Task directions: For this exercise, write out only the lines of the entries below from the one with "Women who enjoy" up to and including the one with "Luxsway Led Under", exactly as they are. Pictures stay out.

Records provided:
========================================
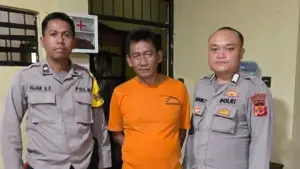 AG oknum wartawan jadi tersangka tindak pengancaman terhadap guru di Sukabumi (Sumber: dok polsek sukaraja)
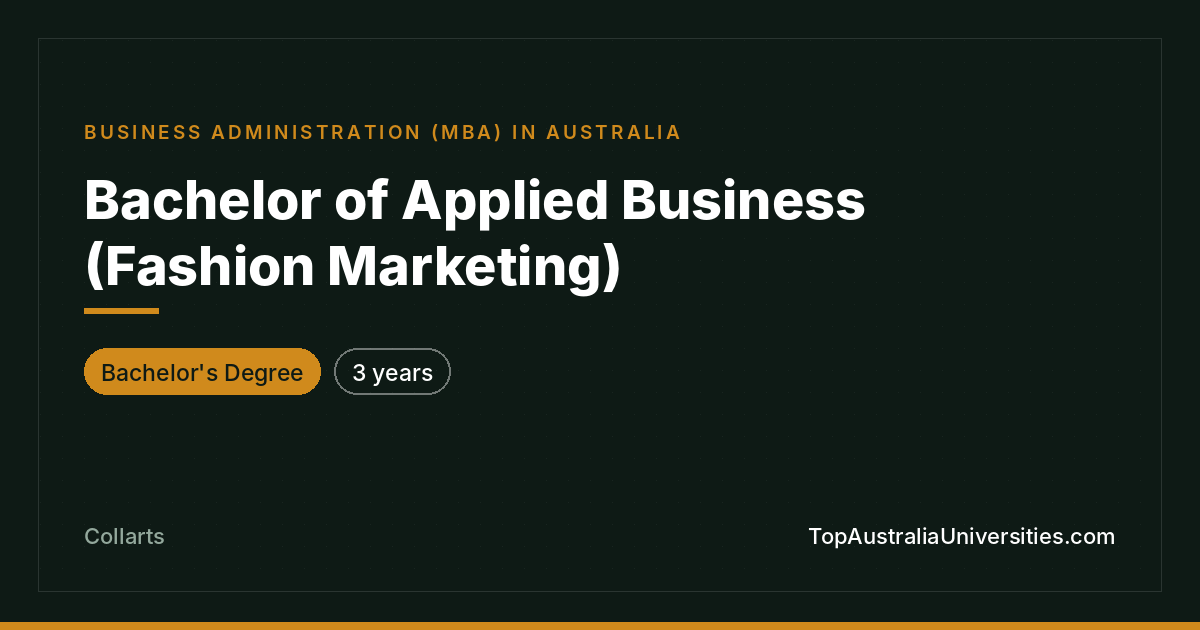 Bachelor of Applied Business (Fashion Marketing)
========================================
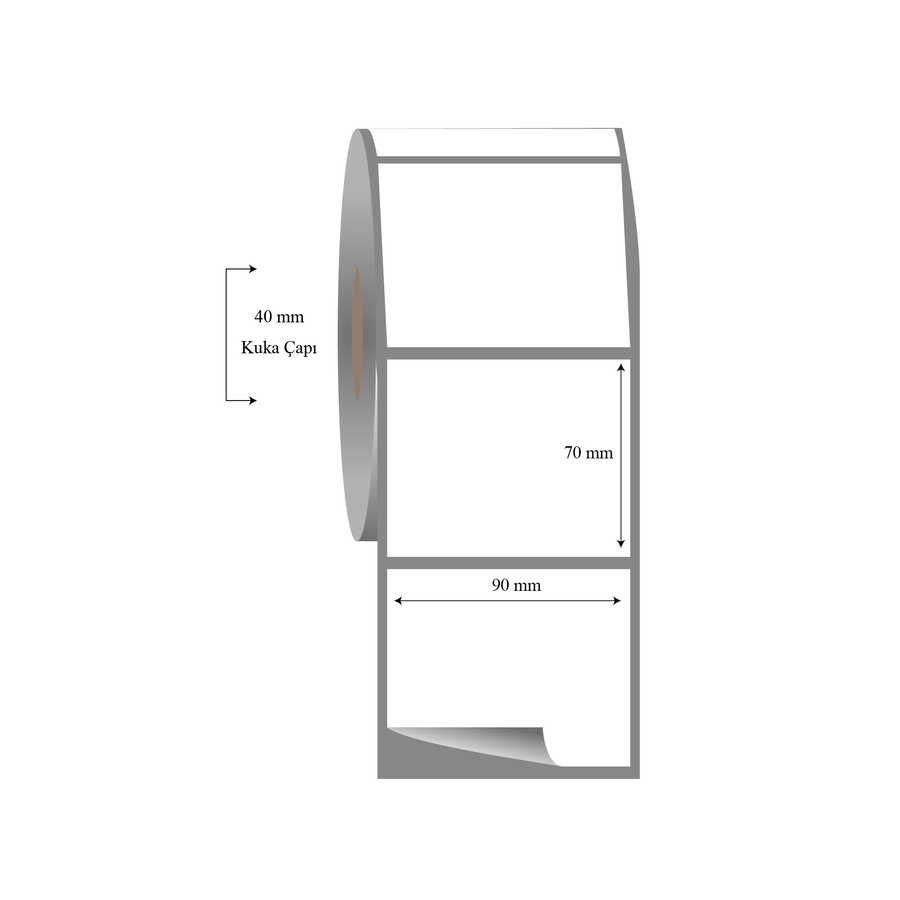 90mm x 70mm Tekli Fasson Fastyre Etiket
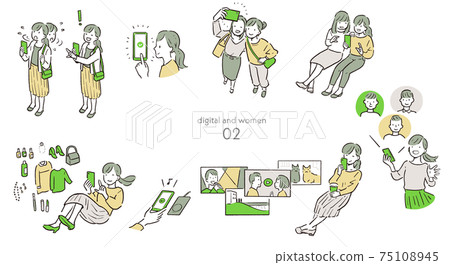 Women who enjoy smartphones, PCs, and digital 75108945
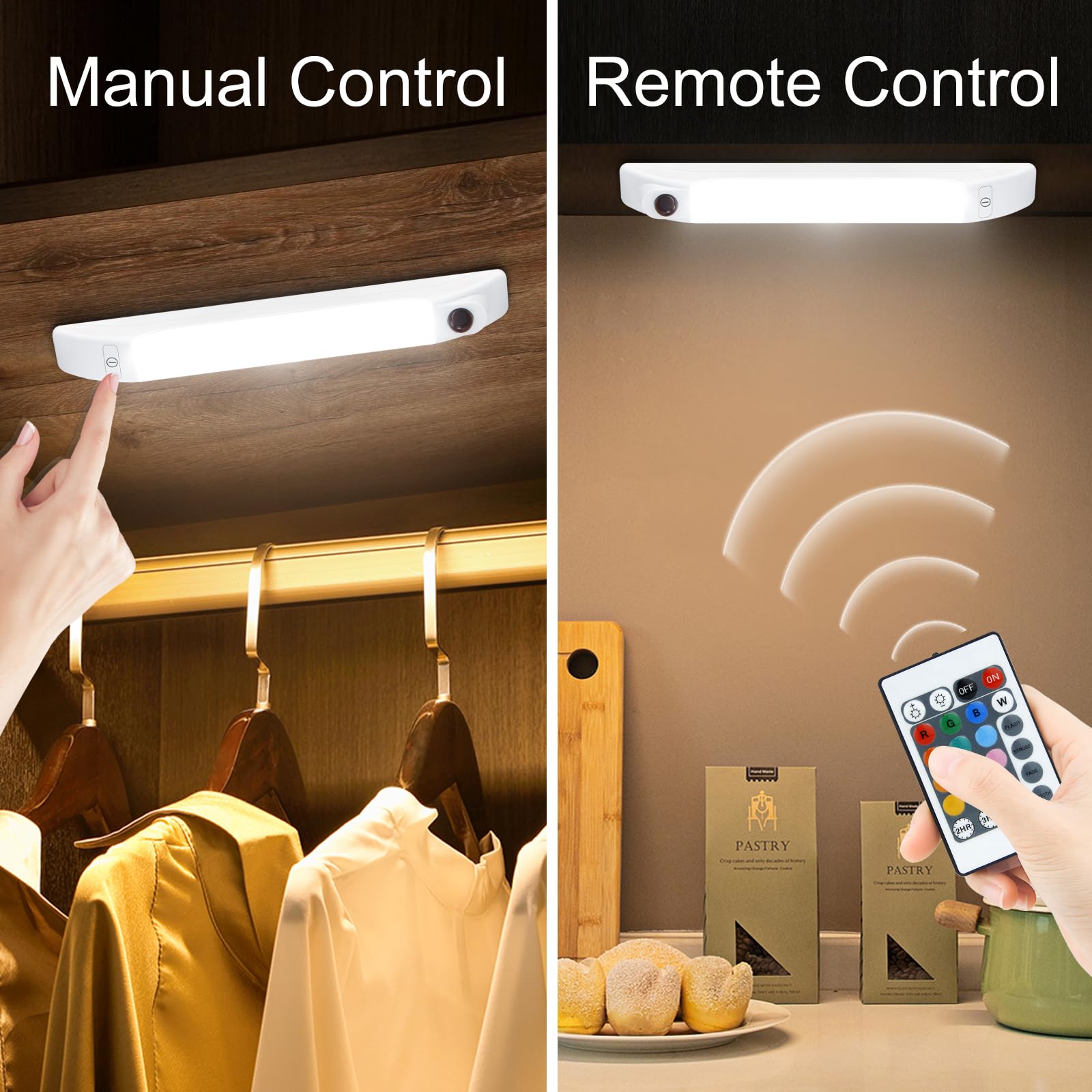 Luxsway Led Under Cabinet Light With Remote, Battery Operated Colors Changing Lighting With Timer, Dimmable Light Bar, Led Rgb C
========================================
Solution for this exercise:
 Women who enjoy smartphones, PCs, and digital 75108945
 Luxsway Led Under Cabinet Light With Remote, Battery Operated Colors Changing Lighting With Timer, Dimmable Light Bar, Led Rgb C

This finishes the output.